The news “Terrorist attacks rock Paris” in the Nov. 15 edition blew our minds and frightened the world. It was the second-most shocking news to me after the terror attack on the Twin Towers in New York in 2001.

I’d like to extend my condolence to all victims and France.

This news reminded me of the terror attack in New York and the comment by Peter Jennings of ABC News. He said after reporting about the terror attack that violence against innocent people shouldn’t be forgiven, but it is also very important for us to think what made them take that action against us, looking back at what we had done to them before and what they had been thinking about on the other side of the world.

It was very shocking to hear his comment only one day after the terror attack in New York, but we have to reflect on what has changed in the world in the past 14 years. Have we addressed the gap in our thinking and paved the way for peace since then?

We waged war against Iraq, sent troops into Afghanistan and so on. Have we saved the poor and needy people by filling the gap between the haves and the have-nots?

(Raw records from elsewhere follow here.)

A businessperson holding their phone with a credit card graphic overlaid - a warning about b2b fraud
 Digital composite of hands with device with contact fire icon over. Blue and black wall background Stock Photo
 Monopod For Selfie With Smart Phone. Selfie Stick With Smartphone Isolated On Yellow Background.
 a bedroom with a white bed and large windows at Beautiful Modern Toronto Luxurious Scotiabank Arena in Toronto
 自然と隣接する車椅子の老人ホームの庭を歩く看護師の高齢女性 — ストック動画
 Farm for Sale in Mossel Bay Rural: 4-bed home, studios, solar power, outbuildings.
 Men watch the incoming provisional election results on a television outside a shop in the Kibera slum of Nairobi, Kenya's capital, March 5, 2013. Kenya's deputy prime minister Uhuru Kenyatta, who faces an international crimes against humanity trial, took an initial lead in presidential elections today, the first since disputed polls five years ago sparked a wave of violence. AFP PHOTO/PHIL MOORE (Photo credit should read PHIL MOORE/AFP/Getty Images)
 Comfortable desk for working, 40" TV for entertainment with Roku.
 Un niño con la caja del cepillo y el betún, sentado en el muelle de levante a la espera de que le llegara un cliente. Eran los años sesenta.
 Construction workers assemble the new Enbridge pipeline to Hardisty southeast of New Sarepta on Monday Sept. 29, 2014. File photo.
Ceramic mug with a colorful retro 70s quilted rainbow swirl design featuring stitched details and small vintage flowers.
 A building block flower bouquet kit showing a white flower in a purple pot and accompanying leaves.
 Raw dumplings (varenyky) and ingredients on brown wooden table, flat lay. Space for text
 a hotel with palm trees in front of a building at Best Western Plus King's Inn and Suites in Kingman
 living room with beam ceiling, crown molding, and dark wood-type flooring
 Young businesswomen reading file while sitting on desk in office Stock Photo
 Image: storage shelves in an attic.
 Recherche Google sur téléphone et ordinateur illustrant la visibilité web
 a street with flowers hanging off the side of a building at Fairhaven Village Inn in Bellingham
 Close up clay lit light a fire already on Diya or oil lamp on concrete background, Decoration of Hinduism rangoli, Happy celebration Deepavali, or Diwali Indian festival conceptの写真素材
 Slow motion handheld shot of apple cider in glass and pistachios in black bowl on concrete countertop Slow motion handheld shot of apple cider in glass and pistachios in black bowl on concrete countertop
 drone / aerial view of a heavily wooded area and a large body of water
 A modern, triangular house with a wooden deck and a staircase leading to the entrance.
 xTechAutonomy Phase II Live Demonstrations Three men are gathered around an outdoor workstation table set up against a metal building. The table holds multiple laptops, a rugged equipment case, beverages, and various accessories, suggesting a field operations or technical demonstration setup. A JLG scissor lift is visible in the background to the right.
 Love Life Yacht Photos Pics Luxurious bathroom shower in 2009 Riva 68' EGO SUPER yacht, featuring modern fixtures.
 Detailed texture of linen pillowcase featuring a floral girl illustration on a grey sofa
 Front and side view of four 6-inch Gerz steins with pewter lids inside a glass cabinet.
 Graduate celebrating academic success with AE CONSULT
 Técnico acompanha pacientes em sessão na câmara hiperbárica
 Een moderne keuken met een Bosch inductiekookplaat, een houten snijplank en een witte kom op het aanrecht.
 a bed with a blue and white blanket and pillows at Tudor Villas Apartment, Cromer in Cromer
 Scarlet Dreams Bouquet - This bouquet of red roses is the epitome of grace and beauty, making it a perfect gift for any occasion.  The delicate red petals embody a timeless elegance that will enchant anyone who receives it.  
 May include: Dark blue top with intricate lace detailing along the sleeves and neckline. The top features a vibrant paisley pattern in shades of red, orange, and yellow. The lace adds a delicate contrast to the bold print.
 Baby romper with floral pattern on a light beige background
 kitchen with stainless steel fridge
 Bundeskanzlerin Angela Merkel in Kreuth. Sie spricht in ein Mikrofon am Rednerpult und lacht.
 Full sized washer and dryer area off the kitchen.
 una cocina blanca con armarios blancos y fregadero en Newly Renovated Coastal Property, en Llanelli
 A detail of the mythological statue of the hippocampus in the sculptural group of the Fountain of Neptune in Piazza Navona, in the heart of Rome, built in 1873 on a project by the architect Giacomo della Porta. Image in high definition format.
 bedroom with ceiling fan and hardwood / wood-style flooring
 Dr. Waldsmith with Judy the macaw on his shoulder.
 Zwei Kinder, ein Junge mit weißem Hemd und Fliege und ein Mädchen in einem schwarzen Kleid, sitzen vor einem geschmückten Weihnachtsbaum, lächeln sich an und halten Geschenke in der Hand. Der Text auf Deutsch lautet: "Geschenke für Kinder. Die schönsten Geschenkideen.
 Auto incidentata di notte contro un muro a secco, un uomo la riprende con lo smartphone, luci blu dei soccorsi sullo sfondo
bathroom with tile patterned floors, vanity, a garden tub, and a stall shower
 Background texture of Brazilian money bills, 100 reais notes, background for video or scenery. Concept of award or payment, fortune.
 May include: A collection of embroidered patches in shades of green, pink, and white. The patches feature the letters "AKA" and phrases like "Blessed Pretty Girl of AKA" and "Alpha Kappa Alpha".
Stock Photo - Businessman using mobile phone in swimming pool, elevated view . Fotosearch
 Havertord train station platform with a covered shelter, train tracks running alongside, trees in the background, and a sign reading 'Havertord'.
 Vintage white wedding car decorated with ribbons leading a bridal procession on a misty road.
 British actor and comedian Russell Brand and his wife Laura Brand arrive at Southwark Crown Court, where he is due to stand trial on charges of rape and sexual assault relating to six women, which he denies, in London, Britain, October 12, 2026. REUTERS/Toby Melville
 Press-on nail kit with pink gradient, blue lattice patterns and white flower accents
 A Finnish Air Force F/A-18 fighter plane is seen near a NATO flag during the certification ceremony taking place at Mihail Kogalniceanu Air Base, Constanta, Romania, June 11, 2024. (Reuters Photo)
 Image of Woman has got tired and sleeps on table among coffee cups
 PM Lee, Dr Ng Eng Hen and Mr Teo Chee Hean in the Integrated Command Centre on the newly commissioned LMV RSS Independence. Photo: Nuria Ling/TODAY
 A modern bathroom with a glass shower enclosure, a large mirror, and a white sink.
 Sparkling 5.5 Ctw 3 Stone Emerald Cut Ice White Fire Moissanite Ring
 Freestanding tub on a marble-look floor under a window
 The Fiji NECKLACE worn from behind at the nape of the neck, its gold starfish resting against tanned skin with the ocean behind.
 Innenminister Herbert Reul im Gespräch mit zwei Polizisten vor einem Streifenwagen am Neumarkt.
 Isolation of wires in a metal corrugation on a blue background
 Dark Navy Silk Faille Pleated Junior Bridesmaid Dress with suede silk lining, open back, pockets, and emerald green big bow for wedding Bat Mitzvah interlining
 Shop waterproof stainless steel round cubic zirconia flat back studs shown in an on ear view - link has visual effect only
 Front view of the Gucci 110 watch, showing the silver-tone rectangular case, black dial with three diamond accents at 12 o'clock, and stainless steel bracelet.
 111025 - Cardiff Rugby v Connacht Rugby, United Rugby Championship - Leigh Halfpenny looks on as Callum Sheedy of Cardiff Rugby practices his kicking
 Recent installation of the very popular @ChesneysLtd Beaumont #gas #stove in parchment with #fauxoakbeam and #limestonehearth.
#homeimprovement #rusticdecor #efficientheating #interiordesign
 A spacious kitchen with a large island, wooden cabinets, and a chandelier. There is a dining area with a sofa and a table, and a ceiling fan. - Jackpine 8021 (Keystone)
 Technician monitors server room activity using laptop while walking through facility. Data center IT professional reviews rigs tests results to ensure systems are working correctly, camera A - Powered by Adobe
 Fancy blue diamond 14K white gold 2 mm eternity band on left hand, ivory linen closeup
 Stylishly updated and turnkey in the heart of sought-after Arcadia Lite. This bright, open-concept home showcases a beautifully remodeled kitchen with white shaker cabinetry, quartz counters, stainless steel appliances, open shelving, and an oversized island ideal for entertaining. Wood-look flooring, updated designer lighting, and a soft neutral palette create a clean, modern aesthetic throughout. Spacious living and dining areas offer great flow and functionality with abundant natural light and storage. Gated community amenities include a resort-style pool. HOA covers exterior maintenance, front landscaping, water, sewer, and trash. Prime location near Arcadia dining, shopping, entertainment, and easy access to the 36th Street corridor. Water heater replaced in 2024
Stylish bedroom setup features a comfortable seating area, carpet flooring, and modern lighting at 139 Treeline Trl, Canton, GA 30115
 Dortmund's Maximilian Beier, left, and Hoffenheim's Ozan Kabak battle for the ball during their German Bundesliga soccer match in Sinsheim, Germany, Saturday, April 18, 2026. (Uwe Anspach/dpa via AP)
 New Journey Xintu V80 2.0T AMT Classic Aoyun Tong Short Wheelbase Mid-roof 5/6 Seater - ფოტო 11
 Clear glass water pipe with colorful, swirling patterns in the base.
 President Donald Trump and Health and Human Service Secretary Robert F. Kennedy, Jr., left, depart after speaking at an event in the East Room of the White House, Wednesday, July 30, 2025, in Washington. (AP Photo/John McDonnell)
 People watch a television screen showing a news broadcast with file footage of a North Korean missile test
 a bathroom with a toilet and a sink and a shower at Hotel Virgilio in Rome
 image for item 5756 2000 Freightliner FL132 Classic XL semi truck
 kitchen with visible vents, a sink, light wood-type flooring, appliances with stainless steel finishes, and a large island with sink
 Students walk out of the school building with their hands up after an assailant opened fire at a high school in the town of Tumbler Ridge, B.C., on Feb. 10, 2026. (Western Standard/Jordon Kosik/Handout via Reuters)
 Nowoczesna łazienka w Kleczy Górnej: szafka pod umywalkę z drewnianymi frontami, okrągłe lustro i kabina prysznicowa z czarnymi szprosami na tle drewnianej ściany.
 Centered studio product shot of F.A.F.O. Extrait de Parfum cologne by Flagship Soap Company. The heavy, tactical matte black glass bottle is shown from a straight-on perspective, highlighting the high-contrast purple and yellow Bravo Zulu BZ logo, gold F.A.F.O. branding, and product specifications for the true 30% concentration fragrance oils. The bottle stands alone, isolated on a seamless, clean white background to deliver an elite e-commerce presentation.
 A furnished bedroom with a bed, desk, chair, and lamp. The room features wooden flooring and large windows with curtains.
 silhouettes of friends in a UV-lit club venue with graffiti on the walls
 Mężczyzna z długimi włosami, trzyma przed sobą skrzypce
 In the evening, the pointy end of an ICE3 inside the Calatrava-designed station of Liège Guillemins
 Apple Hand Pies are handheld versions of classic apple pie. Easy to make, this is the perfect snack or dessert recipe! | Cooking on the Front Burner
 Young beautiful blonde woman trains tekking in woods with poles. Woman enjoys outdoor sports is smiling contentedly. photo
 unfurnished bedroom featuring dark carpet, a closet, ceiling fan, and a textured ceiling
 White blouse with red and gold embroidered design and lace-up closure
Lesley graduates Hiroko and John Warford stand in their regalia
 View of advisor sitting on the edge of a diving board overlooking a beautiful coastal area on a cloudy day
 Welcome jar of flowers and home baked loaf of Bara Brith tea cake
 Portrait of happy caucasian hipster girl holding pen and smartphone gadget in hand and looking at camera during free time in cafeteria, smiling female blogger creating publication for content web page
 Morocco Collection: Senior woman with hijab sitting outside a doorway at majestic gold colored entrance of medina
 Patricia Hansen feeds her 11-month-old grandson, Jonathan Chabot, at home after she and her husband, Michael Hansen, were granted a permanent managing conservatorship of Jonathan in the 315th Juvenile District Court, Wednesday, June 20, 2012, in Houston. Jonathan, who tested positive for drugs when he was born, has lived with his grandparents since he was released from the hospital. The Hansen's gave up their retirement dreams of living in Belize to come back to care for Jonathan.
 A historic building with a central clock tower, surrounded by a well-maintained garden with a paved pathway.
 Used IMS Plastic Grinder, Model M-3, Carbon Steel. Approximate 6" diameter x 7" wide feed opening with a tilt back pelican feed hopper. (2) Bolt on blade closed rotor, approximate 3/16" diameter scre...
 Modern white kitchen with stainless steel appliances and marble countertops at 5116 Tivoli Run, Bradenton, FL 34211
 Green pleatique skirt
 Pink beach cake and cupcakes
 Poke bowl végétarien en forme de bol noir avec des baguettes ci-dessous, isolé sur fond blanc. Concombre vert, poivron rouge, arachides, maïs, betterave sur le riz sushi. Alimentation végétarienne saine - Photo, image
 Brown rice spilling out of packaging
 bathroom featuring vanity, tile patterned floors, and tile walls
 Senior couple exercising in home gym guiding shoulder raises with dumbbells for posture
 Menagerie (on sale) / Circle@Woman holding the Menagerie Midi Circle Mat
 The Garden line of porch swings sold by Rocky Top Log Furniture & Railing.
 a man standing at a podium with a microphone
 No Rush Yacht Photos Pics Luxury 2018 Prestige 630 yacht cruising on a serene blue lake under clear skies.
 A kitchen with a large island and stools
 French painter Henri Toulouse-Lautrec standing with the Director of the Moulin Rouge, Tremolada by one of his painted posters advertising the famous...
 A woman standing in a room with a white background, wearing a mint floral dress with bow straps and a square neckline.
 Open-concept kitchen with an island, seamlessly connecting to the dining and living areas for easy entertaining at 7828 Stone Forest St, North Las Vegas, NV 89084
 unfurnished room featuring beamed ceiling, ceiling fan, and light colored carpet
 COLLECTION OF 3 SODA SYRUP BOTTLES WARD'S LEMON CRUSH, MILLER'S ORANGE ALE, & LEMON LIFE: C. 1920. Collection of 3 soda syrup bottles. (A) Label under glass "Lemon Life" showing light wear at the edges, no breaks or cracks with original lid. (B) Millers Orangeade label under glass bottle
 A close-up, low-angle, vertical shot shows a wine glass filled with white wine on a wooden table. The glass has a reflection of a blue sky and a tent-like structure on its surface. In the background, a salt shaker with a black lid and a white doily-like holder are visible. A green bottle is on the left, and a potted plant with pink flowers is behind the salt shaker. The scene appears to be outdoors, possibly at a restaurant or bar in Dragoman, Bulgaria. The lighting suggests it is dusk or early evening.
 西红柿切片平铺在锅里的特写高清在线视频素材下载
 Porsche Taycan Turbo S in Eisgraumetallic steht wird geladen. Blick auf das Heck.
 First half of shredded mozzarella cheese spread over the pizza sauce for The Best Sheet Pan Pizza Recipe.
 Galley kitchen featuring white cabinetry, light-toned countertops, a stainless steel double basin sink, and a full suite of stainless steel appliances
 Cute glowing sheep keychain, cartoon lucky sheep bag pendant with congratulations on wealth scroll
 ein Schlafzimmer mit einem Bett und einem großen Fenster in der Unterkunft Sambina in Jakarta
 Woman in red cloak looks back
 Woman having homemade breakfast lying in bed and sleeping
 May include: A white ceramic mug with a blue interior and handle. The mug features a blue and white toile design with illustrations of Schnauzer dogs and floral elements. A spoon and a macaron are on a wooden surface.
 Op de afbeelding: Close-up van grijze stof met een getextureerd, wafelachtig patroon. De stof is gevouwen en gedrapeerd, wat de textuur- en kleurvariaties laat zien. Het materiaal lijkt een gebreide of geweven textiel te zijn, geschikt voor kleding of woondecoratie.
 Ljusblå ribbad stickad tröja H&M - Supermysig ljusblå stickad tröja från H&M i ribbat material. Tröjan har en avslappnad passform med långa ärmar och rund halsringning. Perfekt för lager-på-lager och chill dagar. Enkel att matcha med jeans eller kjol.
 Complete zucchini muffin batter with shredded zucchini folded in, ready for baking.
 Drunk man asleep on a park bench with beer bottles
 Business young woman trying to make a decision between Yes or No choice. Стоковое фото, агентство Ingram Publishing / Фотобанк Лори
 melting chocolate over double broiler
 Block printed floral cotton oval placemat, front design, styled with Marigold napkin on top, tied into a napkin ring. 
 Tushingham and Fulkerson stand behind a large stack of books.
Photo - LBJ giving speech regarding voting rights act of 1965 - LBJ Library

Of course, as we need first and foremost to stem the violence against innocent people, we common people can rely on our authorities, but there must be something that we can do as individuals for world peace even in the midst of this turmoil.

While showing our resilience to terrorism, it is imperative that we do not stop giving for the people who need our help. Otherwise, our overprotective attitude will exacerbate discrimination against minorities and xenophobia, and cause a worse scenario. I know that saying this is easy, but we need to remember that marginalizing minorities always breeds hatred in their minds.

It is high time that we all think seriously about how to coexist with different people to make sure human rights are inherited equally all over the world.

Sayuri Kazama

The opinions expressed in this letter to the editor are the writer’s own and do not necessarily reflect the policies of The Japan Times.